■ Problem statement:
Starting at the line with "Holiday home Stonehaven Niagara 5 *", return every line through the final one of the data, word for word. Pictures stay out.

■ Dataset section:
##############################

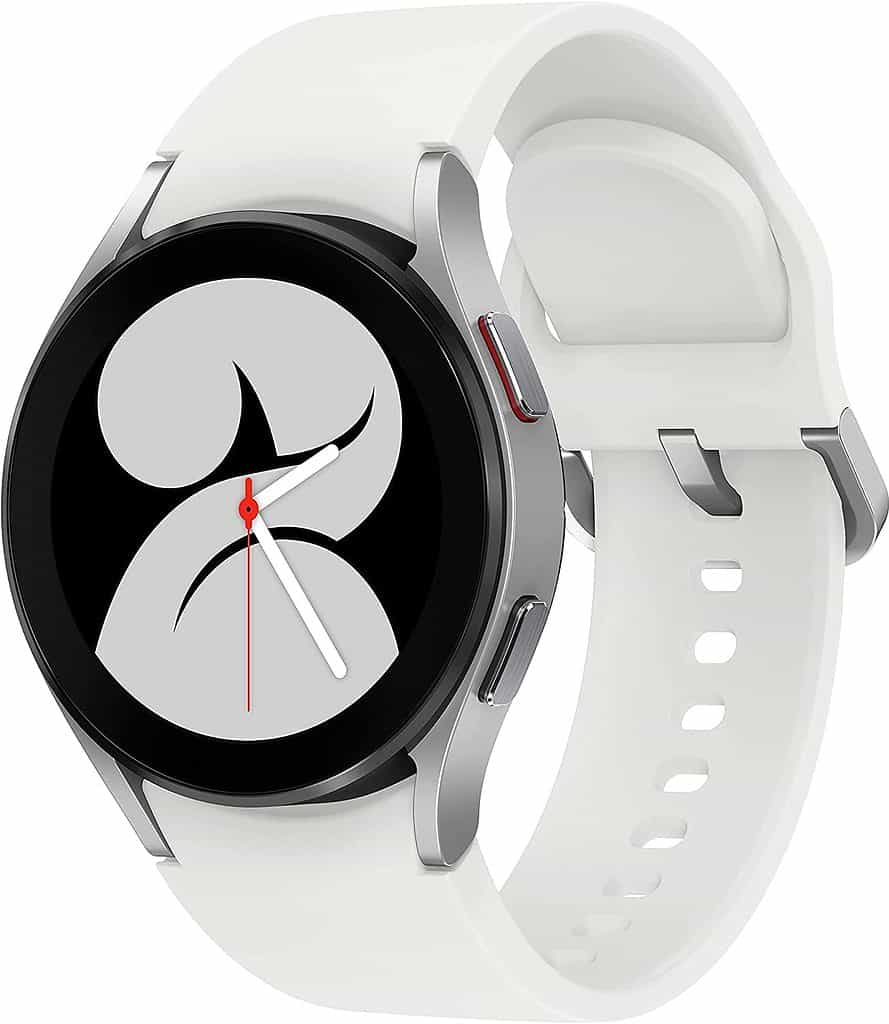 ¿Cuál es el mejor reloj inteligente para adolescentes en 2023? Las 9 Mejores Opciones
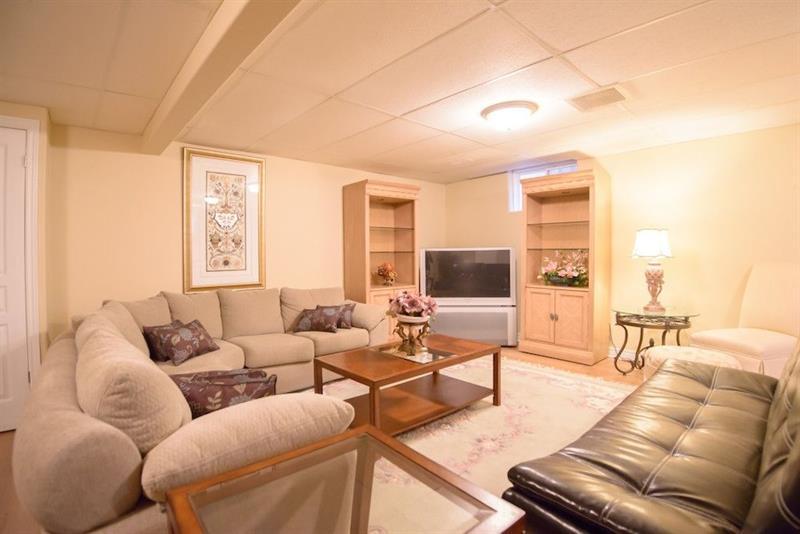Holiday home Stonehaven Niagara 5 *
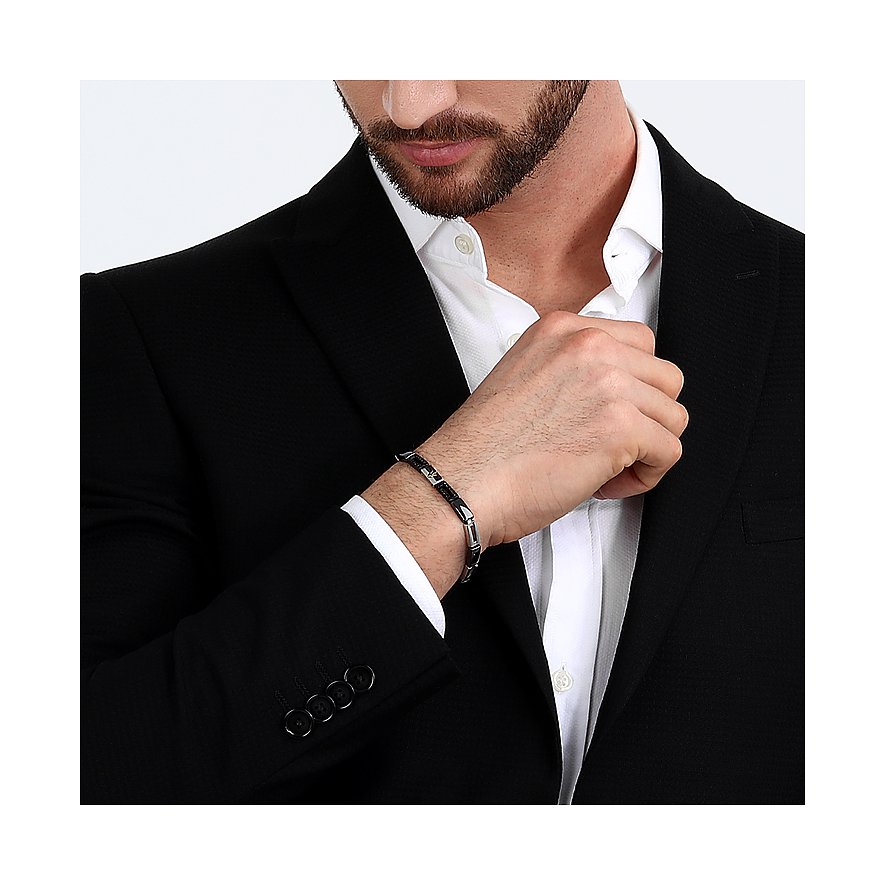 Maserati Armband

##############################

■ Result for this exercise:
Holiday home Stonehaven Niagara 5 *
 Maserati Armband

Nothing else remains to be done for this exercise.